Después se bajó de la cinta y se puso frente a mí. Comenzó a
mover el cuello y los hombros con mucha agilidad. Parecía un
boxeador en fase de calentamiento. Un pugilista que, momentos
previos al combate, estudia a un oponente que, aunque derrotado
de antemano, mantiene vigente la esperanza de permanecer en
pie un par de asaltos. Mientras el cortinero seguía obstinado en
sus absurdos movimientos, pensé en terminar el asunto con
Juliana cuando todo volviera a la normalidad. Desaparecido el
cortinero, lo más lógico era que mi cuento con ella se esfumara
también. Un rato después me marché para su apartamento.
Sentía una necesidad apremiante de borrar de mi mente al
cortinero, así fuera solo por algunas horas. Esa noche Juliana me
contó de todos los tipos de la oficina que, valiéndose de toda
suerte de artificios, habían pretendido estar con ella; en cambio en
mí, me dijo, había encontrado a alguien diferente. Yo no decía
nada, simplemente la dejaba hablar; sobre todo, me concentraba
en la forma en que los tendones de mi cuello, tensos, iban
cediendo a la presión de sus dedos.
Un par de horas más tarde llegué al apartamento. Todo
estaba oscuro. Caminé hasta la cocina. Vi que Mariana me había
dejado café y unas masitas sobre un plato. Tal vez asumió que
llegaría cansado y con hambre. Me recosté sobre el mesón de la
cocina y comí. De la habitación me llegaban unos ligeros
ronquidos; imaginé la colchoneta y el sleeping extendidos sobre el
piso en medio de la habitación. Imaginé a Mariana metida dentro
del sleeping; a un costado, al lado de sus botas, su ropa muy bien
organizada. Me vi a mí mismo entrando al sleeping, dándole las
buenas noches; ella, adormecida, balbuceando un hasta mañana.

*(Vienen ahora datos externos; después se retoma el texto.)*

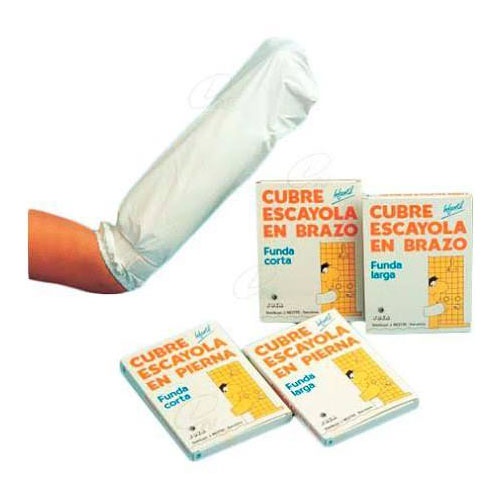 Cubre escayola - joya cierre velcro (brazo corto)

También imaginé al cortinero, durmiendo con mucha placidez en
nuestra cama; lo vi, cínico, arroparse con el cubrelecho que tan
indecisa tuvo a Mariana en el centro comercial, días antes de que
nos entregaran la casa. Cuando faltaba poco para terminar el
café, traté de recordar cuándo había sido la última vez que
hicimos el amor. Me preocupaba la posibilidad de que la
cronología biológica, que tan rigurosa es en Mariana, demandara
que, una vez sintiera mi presencia, pretendiera estar conmigo; me
indignaba entonces haber perdido mi disposición para el amor en
el apartamento de Juliana.
Unos días después, cuando ya Mariana comenzaba a
traducir en malgenio la mala vida que nos dábamos viviendo en un
apartamento desolado, nos llamaron de la notaria para que
recogiéramos las escrituras. Mariana dispuso todo para
acompañarme. Ahora ya podríamos radicar nuestra denuncia. Le
dije que quería hacerlo en el mismo juzgado al que había acudido
la vez anterior; me complacería ver de nuevo la cara del tipo que
no había hecho otra cosa que repetir hasta el agotamiento que
todo era cuestión de registro. Fue él mismo quien nos recibió. Se
acordó de mí; lo supe al ver la forma en que cruzamos la mirada.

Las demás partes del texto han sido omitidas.